R.- No, no les diría nada. Respeto mucho todas las opiniones que no tienen afán de causar un daño gratuito. Puedo entender que haya motivos para dudar del valor de la educación en estos centros. Las circunstancias personales de cada cual, sólo las conoce uno. Y lo que lleva a pensar de esa manera puede estar justificado por mil motivos. Quizás, un ruego, una petición, más que decirles algo: que le den la oportunidad de reparar un camino dañado, a quien quiera hacerlo. Sea una persona privada de libertad, o no.

P.- ¿Qué papel ha jugado el apoyo institucional en este proceso? ¿Ha sentido respaldo por parte del centro educativo o de la administración penitenciaria?

R.- Yo no creo en las instituciones. Suelen tener las paredes muy feas. Unos horarios muy repetitivos, unos discursos muy ceñidos.

Yo creo en las personas que las encarnan. Creo en el director provincial de educación de Ceuta, que atiende a las demandas que le hacemos, siempre. En las personas que dirigen el centro penitenciario: sus subdirectoras y su directora, que están en todo momento atentas a cualquier necesidad nuestra. Creo en la dirección de mi instituto, que no sólo nos atiende, sino que nos instan a mejorar, año tras año. Creo en los profesores de la UGR que vienen a examinar, en su jefa del negociado de acceso. Creo en el director, el secretario, los profesores de Derecho de la UNED.

Creo, sobre todo, en el funcionario de prisiones que riñe a un alumno por no estudiar; el que lo anima, el que los felicita por sus logros, el que hace más de lo que debe, mucho más de lo que debe, y que son la inmensa mayoría.

Creo en mis compañeros profesores, a los que no se les puede pedir nada, sin que te den el doble.

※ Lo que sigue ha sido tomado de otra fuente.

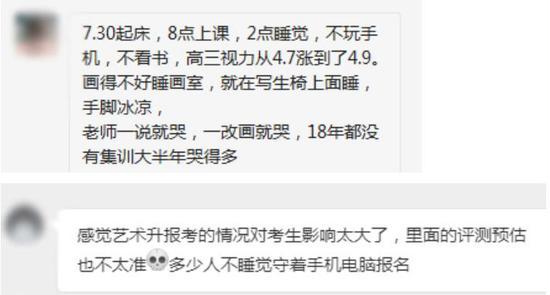 (部分艺术生自述截图)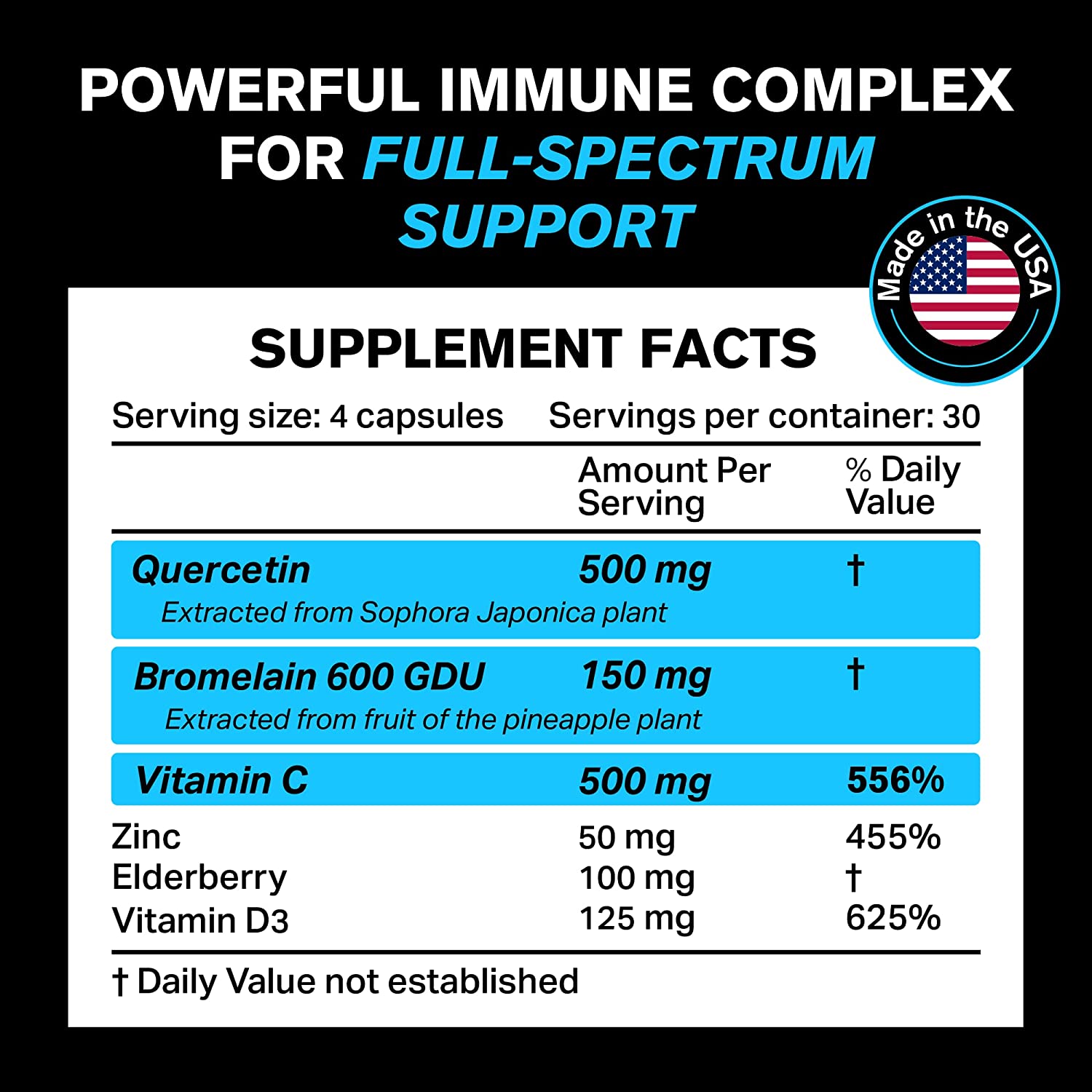 QUERCETINA 500 MG CON BROMELINA 150 MG Y VITAMINA C D3 120 CAPSULAS VEGETALES OROLINE NUTRITION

He sentido respeto, interés y complicidad. En los momentos clave, la administración, hecha mujer y hombre, ha apostado por lo que no se ve en los telediarios: por la humanidad. Y eso es lo que hace que un sistema funcione. Cuando unas instituciones protegen el derecho a aprender, están protegiendo la dignidad humana. Pero para que eso se dé, la institución tiene que ser de carne y hueso. Ser humana. Y, de humanidad, van sobradas.

La PAU, como símbolo de que el sistema puede funcionar cuando se apuesta por la dignidad

P.- ¿Cómo se organizaba una clase en prisión? ¿Había horarios fijos, materiales especiales, medidas de seguridad específicas?

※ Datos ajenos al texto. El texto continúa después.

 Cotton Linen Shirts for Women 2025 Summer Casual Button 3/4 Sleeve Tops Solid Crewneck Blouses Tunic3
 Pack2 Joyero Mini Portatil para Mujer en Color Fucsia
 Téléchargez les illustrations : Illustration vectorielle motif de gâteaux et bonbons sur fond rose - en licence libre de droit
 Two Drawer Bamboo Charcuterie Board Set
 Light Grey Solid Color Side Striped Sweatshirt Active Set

R.- Tenemos un horario fijo: los martes y jueves por la tarde. Vamos siete profesores, repartidos entre los dos días. Los materiales son los propios de una clase normal. Y, en cuanto a medidas de seguridad específicas, que yo sepa, no. Los funcionarios, las cámaras, la identificación y el control al entrar. Yo qué sé. Supongo que serán las mismas que son para la entrada de cualquier otra persona ajena al centro.

También le digo que jamás he sentido sensación de inseguridad.

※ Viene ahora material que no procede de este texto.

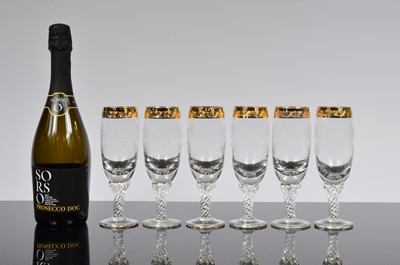 Lot 126 - A set of six Crystal Champagne flute glasses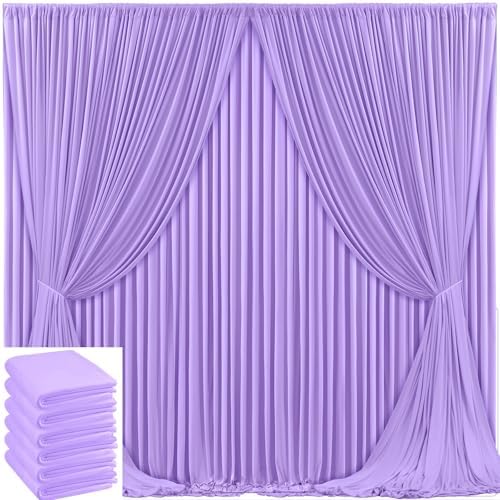 30x10ft Lavender Backdrop Curtain for Wedding Parties Wrinkle Free Fabric Lavender Drapes Backdrop Decoration for Baby Shower Birthday Photography Decoration 6 Panels, 5ft x 10ft by Gogoparti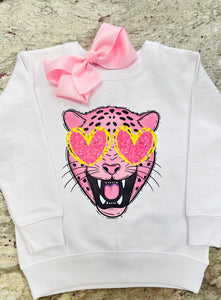 Heart Eye Tiger Graphic Sweatshirt
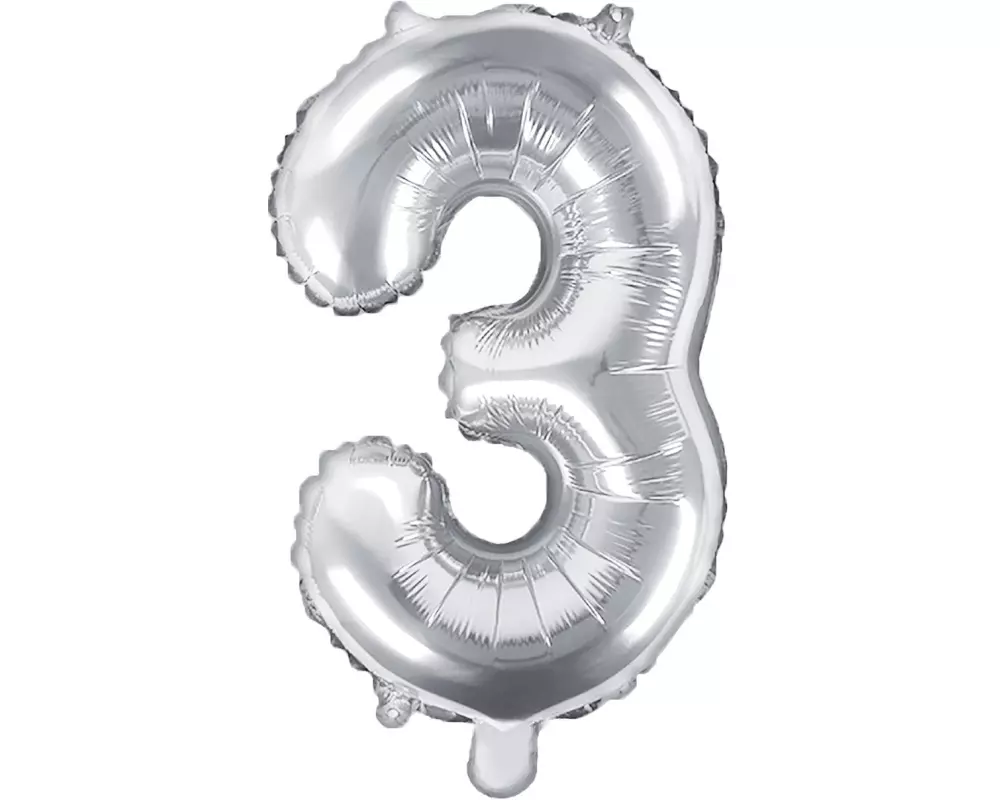 Partydeco Folienballon Zahl 3 klein 35 cm, silber, 1 Stück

P.- ¿Le gustaría repetir la experiencia con nuevos internos en el futuro? ¿Por qué?

R.- Pues mire, yo llevo varios años ya. Es un trabajo que exige mucho de uno. Que puede llegar a ser, a veces, demoledor. Sobre todo, en lo emocional. Estos dos últimos años hemos conseguido resultados que se dan en contadísimas ocasiones, o que se han dado en nuestro centro, por primera vez. Cuando esto ocurre es porque se ha trabajado mucho, muy intensamente. No pasan las cosas porque sí. Y, francamente, estos años, y en especial, estos dos últimos años me he vaciado. No obstante, si tengo fuerzas, y me lo permiten, no hay trabajo que llene y me vacie, por otra parte, más.

Dicho esto, los resultados extraordinarios seguirán llegando. Tengo los mejores compañeros del mundo. Los más voluntariosos, trabajadores y entregados.

No hay barrotes capaces de detener una voluntad firme, un sueño

P.- ¿Ha tenido oportunidad de hablar con otros profesores sobre esta experiencia? ¿Hay interés por parte de otros docentes en implicarse en este tipo de proyectos?

R.- Sí, claro. Con muchos. Es raro el que no se siente motivado a tener esta experiencia. Y de los que la han tenido, más raro, aún, el que no quiere volver a tenerla. De hecho, ninguno. Todos quieren repetir.

P.- ¿Qué le gustaría que supiera la ciudadanía sobre las personas que están privadas de libertad y deciden seguir formándose?

R.- Que ellos no son su delito. Que son mucho más. Que llevan una carga, sí, pero también deseo de cambio, de reparación. Que no están pidiendo indulgencia, sino otra oportunidad.